Action item: Starting with the line that contains "MLB: Athletics at Seattle Mariners" and stopping after the line that contains "FUNKO POP JUJUTSU", copy the entries below exactly. Include nothing else.

Information provided:
=== Begin Enclosure ===
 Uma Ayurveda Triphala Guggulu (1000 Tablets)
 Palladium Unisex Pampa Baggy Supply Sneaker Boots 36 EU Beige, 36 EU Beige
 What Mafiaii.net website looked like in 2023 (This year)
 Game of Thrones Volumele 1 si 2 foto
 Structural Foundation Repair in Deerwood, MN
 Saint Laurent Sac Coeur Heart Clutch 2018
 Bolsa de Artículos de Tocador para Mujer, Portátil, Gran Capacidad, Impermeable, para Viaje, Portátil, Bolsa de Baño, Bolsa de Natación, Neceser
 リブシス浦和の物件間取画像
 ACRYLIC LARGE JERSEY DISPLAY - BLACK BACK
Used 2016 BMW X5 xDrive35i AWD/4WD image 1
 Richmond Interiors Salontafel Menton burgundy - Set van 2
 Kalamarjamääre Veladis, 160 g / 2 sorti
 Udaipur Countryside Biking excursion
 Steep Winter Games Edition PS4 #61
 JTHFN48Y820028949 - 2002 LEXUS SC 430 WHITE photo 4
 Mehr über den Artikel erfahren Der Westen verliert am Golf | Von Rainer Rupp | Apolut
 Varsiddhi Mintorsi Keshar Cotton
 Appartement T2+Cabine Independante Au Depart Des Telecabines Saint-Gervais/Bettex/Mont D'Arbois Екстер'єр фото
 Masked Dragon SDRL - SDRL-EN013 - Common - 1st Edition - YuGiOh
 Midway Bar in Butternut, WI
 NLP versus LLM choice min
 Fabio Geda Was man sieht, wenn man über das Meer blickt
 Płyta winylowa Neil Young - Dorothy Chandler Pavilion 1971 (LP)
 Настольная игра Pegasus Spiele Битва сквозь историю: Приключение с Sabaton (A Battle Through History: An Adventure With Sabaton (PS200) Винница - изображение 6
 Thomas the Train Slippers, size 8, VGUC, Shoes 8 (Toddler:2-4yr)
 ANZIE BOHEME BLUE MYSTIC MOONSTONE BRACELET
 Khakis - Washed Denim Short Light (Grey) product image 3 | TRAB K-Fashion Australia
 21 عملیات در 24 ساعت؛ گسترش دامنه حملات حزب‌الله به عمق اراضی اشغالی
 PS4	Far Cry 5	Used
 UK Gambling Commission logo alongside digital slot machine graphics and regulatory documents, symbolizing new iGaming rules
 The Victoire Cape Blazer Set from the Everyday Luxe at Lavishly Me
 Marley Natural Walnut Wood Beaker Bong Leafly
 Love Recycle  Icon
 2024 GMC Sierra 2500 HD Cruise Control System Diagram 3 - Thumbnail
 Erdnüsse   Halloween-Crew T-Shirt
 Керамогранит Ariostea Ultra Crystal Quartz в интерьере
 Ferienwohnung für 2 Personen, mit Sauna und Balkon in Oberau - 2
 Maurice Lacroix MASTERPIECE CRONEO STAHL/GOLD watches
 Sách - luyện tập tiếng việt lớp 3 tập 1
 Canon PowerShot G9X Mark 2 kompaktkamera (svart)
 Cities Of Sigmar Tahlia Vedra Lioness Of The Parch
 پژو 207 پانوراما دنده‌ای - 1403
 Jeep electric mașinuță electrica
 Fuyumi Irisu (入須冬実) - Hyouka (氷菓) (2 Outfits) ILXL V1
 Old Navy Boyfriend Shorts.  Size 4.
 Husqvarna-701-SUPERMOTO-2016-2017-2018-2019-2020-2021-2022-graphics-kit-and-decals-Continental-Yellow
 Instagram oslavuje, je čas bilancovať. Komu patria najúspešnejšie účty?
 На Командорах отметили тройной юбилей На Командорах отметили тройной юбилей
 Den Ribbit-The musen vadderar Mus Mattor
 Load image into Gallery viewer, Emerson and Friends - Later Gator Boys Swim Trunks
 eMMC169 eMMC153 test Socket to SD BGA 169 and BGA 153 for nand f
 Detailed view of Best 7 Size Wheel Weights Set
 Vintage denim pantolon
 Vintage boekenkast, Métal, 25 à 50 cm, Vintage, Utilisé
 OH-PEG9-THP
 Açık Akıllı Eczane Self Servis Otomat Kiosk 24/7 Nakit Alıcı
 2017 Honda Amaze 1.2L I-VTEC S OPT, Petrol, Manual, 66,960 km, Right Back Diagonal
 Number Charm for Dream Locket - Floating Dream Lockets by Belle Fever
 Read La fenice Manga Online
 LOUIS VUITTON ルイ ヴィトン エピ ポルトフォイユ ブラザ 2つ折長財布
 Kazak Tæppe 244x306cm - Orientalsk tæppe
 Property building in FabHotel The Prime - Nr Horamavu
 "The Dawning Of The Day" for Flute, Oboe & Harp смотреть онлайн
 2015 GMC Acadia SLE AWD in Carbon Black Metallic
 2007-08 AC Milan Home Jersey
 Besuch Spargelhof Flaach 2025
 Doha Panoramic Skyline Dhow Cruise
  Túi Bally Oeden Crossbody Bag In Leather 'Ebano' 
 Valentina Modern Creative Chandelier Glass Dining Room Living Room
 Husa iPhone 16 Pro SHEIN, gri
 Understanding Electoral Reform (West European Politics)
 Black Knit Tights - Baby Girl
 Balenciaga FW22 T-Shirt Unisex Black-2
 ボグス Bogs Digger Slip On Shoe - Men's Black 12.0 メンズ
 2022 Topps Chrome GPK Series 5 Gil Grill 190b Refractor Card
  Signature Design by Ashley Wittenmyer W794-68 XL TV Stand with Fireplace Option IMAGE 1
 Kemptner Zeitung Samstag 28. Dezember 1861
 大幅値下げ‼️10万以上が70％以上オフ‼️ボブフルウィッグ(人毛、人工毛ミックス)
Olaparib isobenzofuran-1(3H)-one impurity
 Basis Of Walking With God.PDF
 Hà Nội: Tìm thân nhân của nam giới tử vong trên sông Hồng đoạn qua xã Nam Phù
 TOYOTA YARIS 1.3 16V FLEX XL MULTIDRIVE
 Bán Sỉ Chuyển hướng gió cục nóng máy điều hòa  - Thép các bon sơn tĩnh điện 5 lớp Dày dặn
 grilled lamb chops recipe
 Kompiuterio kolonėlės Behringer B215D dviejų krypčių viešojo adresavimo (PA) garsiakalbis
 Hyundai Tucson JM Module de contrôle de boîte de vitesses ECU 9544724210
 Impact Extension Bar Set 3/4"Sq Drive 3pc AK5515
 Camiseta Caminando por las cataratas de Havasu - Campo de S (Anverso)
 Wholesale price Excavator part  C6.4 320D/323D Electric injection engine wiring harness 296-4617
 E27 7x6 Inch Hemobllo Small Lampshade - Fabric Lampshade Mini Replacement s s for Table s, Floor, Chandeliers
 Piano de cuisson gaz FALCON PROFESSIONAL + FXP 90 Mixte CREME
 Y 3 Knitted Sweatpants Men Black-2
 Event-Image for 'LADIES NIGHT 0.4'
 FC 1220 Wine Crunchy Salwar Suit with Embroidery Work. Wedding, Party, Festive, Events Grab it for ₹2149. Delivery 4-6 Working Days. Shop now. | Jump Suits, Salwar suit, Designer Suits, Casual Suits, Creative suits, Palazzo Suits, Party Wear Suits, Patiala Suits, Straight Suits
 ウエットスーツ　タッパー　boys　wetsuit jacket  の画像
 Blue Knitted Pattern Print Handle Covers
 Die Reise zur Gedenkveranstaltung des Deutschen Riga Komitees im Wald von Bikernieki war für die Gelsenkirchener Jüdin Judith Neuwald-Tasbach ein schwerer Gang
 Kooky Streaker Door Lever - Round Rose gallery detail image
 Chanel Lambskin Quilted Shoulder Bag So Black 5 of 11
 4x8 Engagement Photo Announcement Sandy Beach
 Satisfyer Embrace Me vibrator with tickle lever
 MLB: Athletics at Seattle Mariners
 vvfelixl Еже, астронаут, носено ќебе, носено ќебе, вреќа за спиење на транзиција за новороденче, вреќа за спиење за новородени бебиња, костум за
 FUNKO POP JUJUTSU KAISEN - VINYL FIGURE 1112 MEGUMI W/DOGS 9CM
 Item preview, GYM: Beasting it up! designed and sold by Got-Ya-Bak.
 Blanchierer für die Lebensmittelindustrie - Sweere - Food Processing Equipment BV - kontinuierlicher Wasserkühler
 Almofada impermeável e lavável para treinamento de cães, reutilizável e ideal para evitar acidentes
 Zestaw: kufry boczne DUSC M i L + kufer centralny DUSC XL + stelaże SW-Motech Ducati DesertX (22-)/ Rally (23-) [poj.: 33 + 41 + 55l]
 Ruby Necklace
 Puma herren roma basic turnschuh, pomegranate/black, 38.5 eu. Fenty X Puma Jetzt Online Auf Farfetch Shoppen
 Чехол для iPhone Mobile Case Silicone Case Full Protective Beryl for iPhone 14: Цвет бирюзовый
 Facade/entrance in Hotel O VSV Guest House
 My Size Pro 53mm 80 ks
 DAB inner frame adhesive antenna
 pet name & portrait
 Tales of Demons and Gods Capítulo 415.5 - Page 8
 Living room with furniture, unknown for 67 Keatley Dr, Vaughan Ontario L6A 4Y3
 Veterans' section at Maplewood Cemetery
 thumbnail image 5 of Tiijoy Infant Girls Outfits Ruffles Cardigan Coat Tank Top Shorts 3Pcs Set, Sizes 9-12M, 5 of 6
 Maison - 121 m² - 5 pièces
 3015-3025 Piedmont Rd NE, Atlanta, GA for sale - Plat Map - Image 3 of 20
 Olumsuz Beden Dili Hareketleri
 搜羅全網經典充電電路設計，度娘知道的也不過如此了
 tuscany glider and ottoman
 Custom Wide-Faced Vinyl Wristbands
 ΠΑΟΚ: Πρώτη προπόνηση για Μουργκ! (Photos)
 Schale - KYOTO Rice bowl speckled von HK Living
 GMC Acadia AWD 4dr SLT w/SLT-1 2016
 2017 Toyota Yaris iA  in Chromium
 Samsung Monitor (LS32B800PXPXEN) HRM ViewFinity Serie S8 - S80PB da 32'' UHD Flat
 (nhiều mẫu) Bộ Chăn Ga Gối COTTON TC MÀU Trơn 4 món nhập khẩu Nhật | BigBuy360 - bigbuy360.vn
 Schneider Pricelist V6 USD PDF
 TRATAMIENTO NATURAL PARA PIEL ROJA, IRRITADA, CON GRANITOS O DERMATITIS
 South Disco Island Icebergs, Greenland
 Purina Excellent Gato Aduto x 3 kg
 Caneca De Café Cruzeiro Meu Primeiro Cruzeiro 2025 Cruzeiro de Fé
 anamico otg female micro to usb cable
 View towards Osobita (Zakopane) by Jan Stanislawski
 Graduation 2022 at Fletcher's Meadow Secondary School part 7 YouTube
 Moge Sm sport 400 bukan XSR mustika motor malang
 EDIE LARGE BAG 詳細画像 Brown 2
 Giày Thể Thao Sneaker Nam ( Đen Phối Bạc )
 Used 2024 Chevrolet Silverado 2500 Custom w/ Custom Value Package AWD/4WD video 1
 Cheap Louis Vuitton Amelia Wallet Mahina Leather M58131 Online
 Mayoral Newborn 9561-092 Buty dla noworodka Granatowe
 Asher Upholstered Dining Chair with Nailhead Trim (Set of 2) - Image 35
=== End Enclosure ===
Output below:
 MLB: Athletics at Seattle Mariners
 vvfelixl Еже, астронаут, носено ќебе, носено ќебе, вреќа за спиење на транзиција за новороденче, вреќа за спиење за новородени бебиња, костум за
 FUNKO POP JUJUTSU KAISEN - VINYL FIGURE 1112 MEGUMI W/DOGS 9CM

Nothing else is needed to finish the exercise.